Aclaremos de movida que no interesa que sepas con sobrada anticipación que el 14 de febrero es el día de los enamorados, ya que es una fija que estarás yendo a comprarle algo veinticinco minutos antes de verla, porque no hay nada más estresante que sentir la adrenalina correr por nuestras venas al ver que ya es el momento del encuentro y aún no encontramos nada respetable para obsequiar.
Por lo tanto, dado que sólo disponemos de algunos minutos para hacer la compra exacta debemos trazar un plan específico para descartar toda posibilidad de error. A saber. Descartar de movida regalar un peluche. Por más tierno que este sea, por más peludito que lo veamos, sigue siendo un maldito peluche.

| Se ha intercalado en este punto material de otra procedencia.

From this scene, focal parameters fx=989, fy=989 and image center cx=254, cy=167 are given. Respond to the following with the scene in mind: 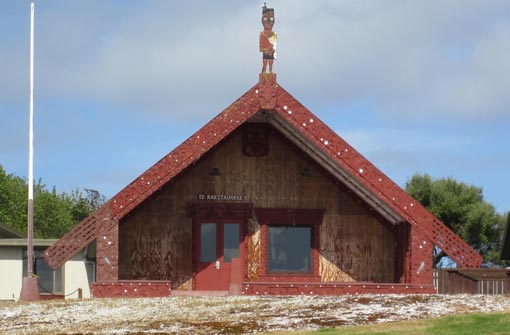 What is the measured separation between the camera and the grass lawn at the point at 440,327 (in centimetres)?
2088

Cualquier mujer argentina promedio ha recibido al llegar a la edad adulta alrededor de 43 muñecos diferentes, de los cuales 5 habrán perecido en las fauces del cachorrito de turno, entre 8 y 10 se habrán perdido en alguna mudanza, y como mínimo 12 no entran en la categoría de sus preferidos y descansen arrumbados en el fondo de su placard. Muy probablemente su peluche preferido sea uno que le regaló la madrina para cuando cumplió cuatro, que le falta un ojo, tiene más roña que el guardabarros de un Citroën y tiene un nombre chulo, qué digo chulo, chulísimo, que termina con “y”. Y no hay manera de competir contra ello, ese peluche estará por siempre en su corazón. Razón por la cual jamás tendremos chances de ingresar al podio en su estante de peluches y mucho menos con uno que encontramos en el maxikiosco de la esquina.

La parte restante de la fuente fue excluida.